I used to live and work in Norfolk, long ago. Revelled in the beauty of its landscape and skies, the rich glories of the dialect ('mardling'), the large numbers of neglected cottages and barns, the clean air, the extremes of winter and summer, the haunted emptiness of the roads and fields. From time to time, warplanes of terrifying size and speed would split the skies in half, creating a rolling thunderous earthquake of sound, drumming out the story of our defence, our history, our ambitions and collaborations as a nation. I loved it - but work and marriage took me back south, and now I only come back for short visits.
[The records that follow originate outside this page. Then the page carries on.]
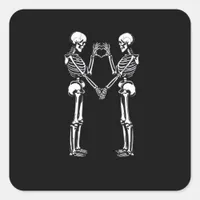 Skeleton Heart Hands Sign Halloween Costume Classi Square Sticker
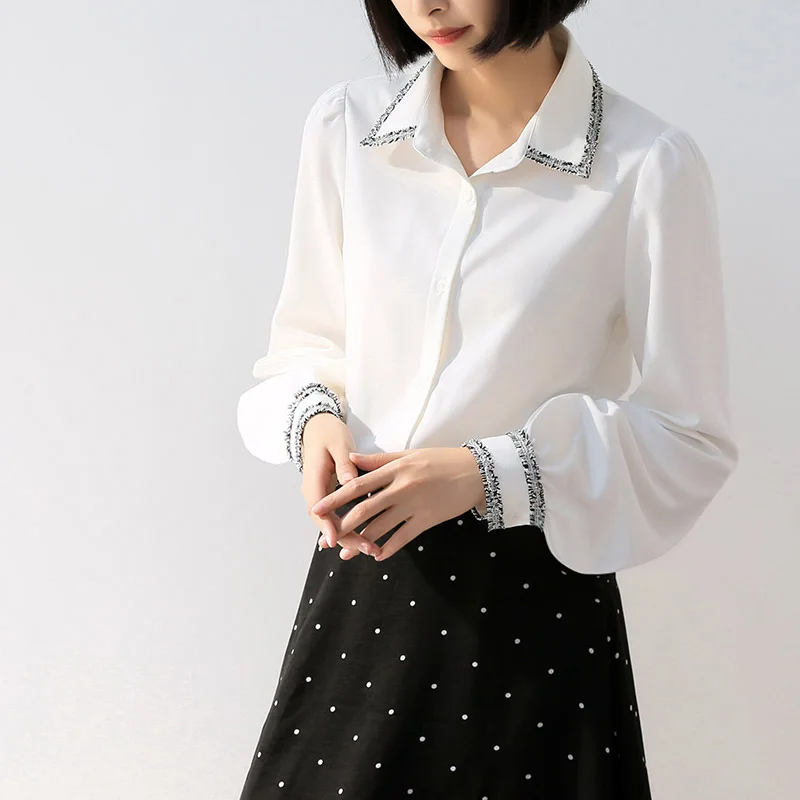 

Women Blouses White Chiffon Shirt Female Long Sleeve Spring Summer OL Temperament Button Wear Vintage Lantern Sleeve Tops New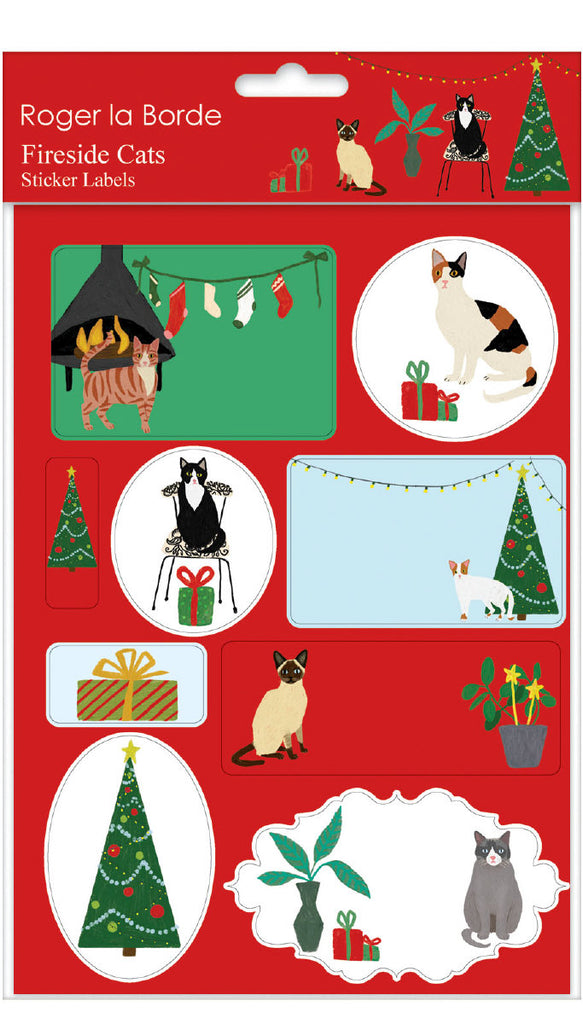 Roger la Borde Cat and Dog Palais Sticker Labels Sheet featuring artwork by Anne Bentley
Of course, everything has changed. It is still glorious, a head-long romance of a place, with huge golden fields, empty roads and lanes, langorous rivers, vast aristocratic stately homes, crumbling castles and neat villages. But the dialect is less often to be found. The buses are all privatised. The villages have bypasses and the spaces all around are 'developed'. Grumble grumble. I wish I had known I was living in history when I was here. I would have taken more careful note.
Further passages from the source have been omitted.